Augmented reality, virtual survivor “docents” and video snippets will explain a time that becomes more remote for young people every year. A 2020 survey of 1,000 people ages 18 to 39 in the United States by Claims Conference, a nonprofit organization, found that nearly two-thirds of them do not know what Auschwitz is, for example. The Claims Conference was founded in 1951 and has worked to secure reparations and restitution for survivors.

Seventy-six years after Auschwitz was liberated, there are an estimated 350,000 living Holocaust survivors, and the Shoah Foundation is scrambling to record their stories. For decades at museums, survivors shared their memories with students and connected them to what’s happening today. As survivors die, this educational tool risks being lost. Having the showcase of testimonies in Orlando is one way of keeping the memory alive.

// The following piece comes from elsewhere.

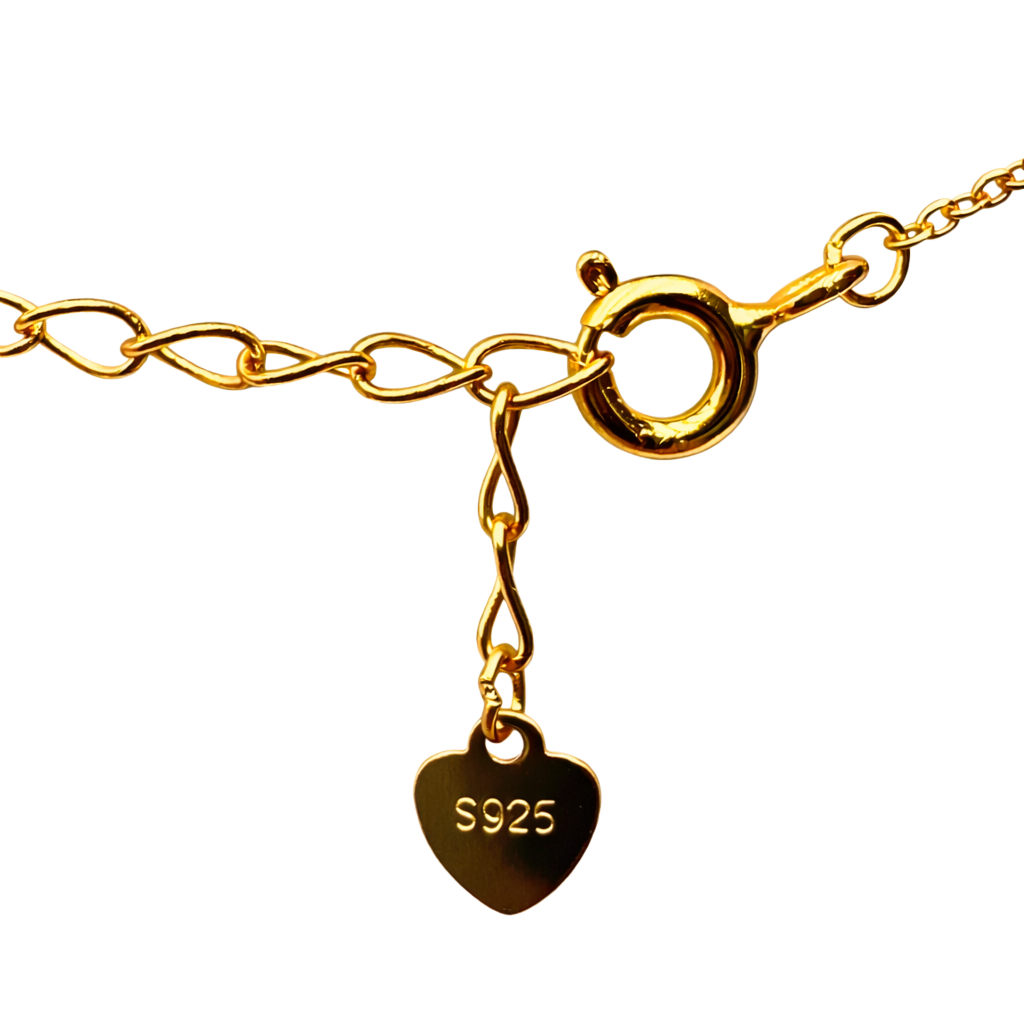 18k gold plated silver necklace featuring a clover zircon pendant, elegant dainty jewelry crafted from S925 sterling silver.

The Holocaust Museum for Hope and Humanity y is to break ground next year and open in 2024. Ralph Appelbaum, known for the U.S. Holocaust Memorial Museum in Washington, will be the designer.

Orlando sees 75 million tourists annually, officials say, and the Orlando tourism board, Orange County and the organizations behind the museum hope it becomes a destination venue. The museum received a $10 million development tax grant from Orange County, part of a total of $30 million toward its $75 million cost.

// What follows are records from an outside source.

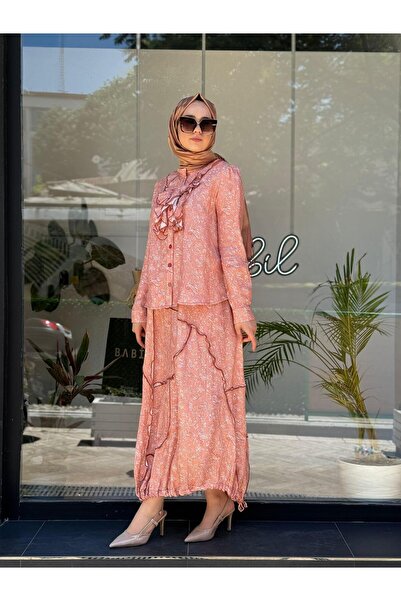 MissWhence Ροζ λινό μεταξωτό γυναικείο κοντό πουκάμισο - με λεπτομέρεια με βολάν και σχέδιο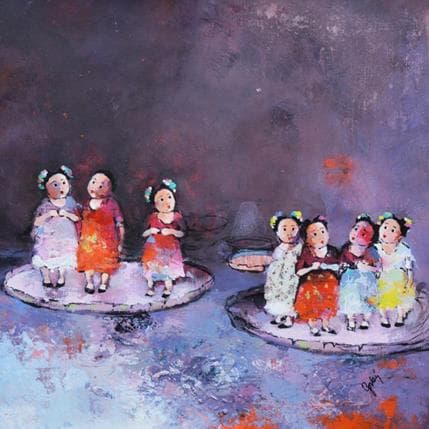 Peinture Sans titre 5.31 par Abiy | Tableau Art naïf Huile scènes de vie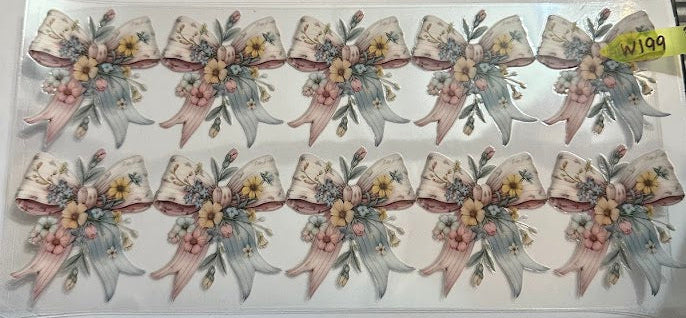 16oz Mauve and Sage Bows with Flowers Cup Wrap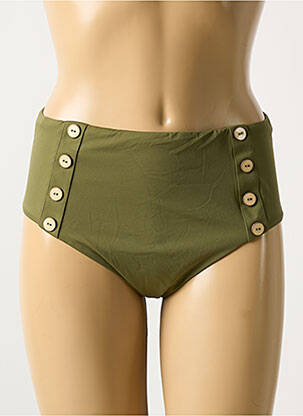 Bas de maillot de bain effet matière satinée culotte vert LIVIA femme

Of the 16 Holocaust museums in the United States, some are teaming with the Shoah Foundation, with many looking to it for direction — and deciding to also delve into injustice and bigotry. Organizations founded by survivors for Jewish communities are now trying to reach wider, non-Jewish audiences by tackling topics beyond the Holocaust.

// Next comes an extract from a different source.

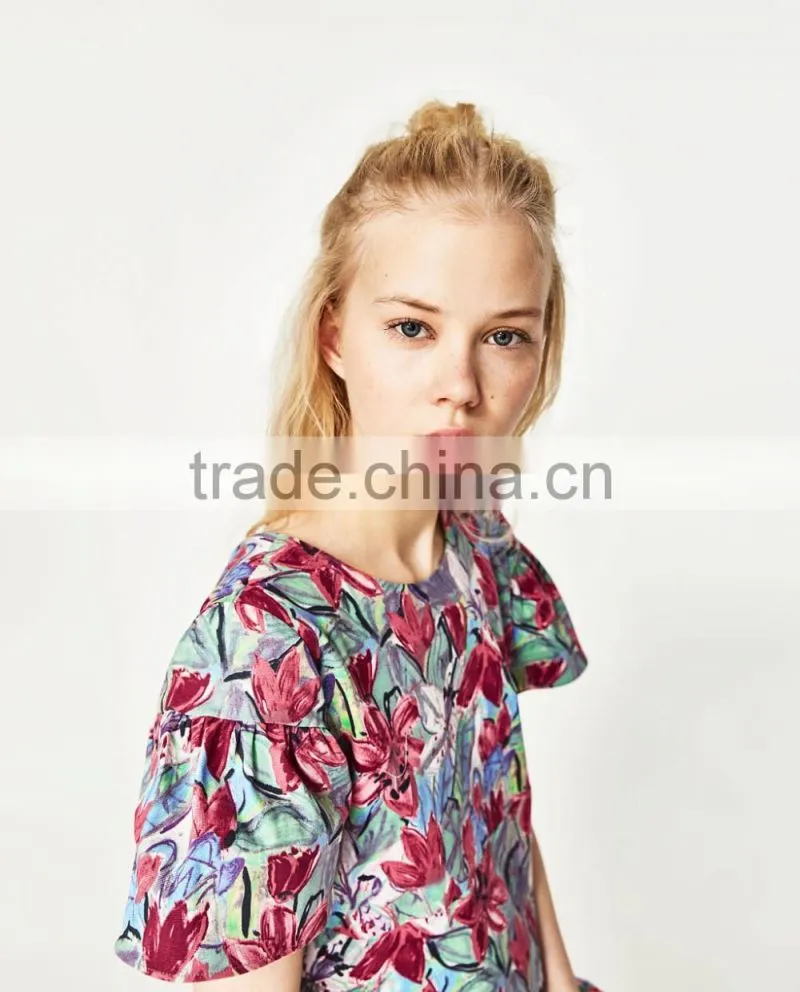 2016 floral printed fabrics woman dress one piece design loose dress woman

Last year, the St. Louis Kaplan Feldman Holocaust Museum began a $21 million project to quadruple in size and “dive deeper into social justice, human rights and racism,” Helen Turner, director of education and interpretation at the museum, said in an interview.




The Holocaust Museum LA, which is planning a large remodel, has partnered with the Shoah Foundation and the Wende Museum, which focuses on the Cold War.

The city of Miami Beach and Greater Miami Jewish Federation aim to add to a Holocaust memorial, incorporating Shoah Foundation videos and planning an educational space. (The move awaits approval by residents of Miami Beach.)

The Holocaust Museum Houston spent $34 million on a 2019 renovation and showcases community issues like Hispanic people’s struggles and heritage.

Mary Pat Higgins, president of the Dallas Holocaust and Human Rights Museum, one of those founded by survivors, said that it reframed its mission in 2019 to “examine historical and contemporary genocides and the evolution of human and civil rights.”

Some people question this expansion of mission.

“It’s important to be aware of other genocides, but the extermination of European Jewry by the Nazis is a specific thing these museums were set up to memorialize,” David Baddiel, the author of “Jews Don’t Count,” said. “There’s a complex difference between the Holocaust and other genocides. If you diminish it, you’re doing something offensive to Jews.”

David Wolpe, a rabbi at Sinai Temple, a leading Conservative Jewish congregation in the greater Los Angeles area, said broadening implies that the lessons these museums sought to teach have been learned, and “that’s very much not the case.”

Vanessa Lapa, the granddaughter of survivors who is an Israeli filmmaker who sourced archival footage for the U.S. Holocaust Memorial Museum, said in an interview that she understood why an expanded focus upsets some people, but added, “It’s time to end competition between victims.”

“Jewish, homosexual, disabled, Armenian, Rwandan — genocide is genocide,” she said.

Helen Epstein, whose parents were in Nazi concentration camps and who has spent 40 years writing about the Holocaust, said that for her, it is also “more than just a Jewish-centered event.”

Last month, the Podripske Muzeum, a small Czech museum that is located in her family’s former home, opened an exhibition on Kurt Epstein, Helen’s father.

“What’s great is the museum has no Jewish connection; the town supported it,” she said, adding, “Understanding helps us all.”